__TASK GOAL__: The answer is to be an exact copy of the lines below running from the line with "Clean Exotic Dance Wear" down to the line with "фото thumb №4, Лампа", both ends included, and nothing more.

__RECORDS TO USE__:
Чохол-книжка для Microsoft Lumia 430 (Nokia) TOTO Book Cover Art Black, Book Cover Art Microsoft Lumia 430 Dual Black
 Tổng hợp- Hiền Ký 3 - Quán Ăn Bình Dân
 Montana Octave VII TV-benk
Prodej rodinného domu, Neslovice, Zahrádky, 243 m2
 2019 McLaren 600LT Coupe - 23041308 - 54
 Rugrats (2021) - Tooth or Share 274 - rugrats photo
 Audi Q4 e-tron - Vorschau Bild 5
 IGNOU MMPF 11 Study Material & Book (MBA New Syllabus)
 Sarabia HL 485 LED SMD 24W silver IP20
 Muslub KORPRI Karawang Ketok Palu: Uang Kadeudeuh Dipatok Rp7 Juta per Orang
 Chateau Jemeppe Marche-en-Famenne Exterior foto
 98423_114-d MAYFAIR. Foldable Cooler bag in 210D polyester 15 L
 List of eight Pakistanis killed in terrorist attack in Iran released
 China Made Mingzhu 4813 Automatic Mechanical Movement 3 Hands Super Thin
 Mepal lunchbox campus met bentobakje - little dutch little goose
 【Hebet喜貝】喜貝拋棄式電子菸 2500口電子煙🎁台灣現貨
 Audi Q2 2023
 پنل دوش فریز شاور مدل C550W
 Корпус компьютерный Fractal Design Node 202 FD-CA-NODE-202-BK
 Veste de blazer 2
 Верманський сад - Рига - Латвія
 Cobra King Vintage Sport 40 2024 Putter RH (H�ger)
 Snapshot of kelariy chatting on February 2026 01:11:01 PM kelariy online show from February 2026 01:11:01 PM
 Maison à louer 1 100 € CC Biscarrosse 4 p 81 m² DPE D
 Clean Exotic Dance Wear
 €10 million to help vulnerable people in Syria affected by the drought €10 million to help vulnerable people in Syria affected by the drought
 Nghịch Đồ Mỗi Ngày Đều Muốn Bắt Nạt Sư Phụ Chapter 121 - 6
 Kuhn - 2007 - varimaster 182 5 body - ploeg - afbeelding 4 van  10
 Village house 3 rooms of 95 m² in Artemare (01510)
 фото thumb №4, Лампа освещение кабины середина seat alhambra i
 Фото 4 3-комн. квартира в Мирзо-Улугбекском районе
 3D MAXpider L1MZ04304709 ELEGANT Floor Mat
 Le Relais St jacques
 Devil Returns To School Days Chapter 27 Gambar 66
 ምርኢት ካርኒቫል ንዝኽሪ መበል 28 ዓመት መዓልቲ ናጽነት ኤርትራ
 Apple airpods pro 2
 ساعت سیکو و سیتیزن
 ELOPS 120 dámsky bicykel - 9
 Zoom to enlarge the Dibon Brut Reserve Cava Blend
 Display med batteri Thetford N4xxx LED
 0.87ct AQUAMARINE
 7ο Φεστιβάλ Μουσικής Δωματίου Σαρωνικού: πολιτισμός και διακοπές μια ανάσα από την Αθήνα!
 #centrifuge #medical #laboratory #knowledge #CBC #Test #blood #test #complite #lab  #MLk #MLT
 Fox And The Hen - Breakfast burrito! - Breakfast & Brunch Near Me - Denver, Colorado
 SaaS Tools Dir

__SOLUTION TO THIS PROBLEM__:
 Clean Exotic Dance Wear
 €10 million to help vulnerable people in Syria affected by the drought €10 million to help vulnerable people in Syria affected by the drought
 Nghịch Đồ Mỗi Ngày Đều Muốn Bắt Nạt Sư Phụ Chapter 121 - 6
 Kuhn - 2007 - varimaster 182 5 body - ploeg - afbeelding 4 van  10
 Village house 3 rooms of 95 m² in Artemare (01510)
 фото thumb №4, Лампа освещение кабины середина seat alhambra i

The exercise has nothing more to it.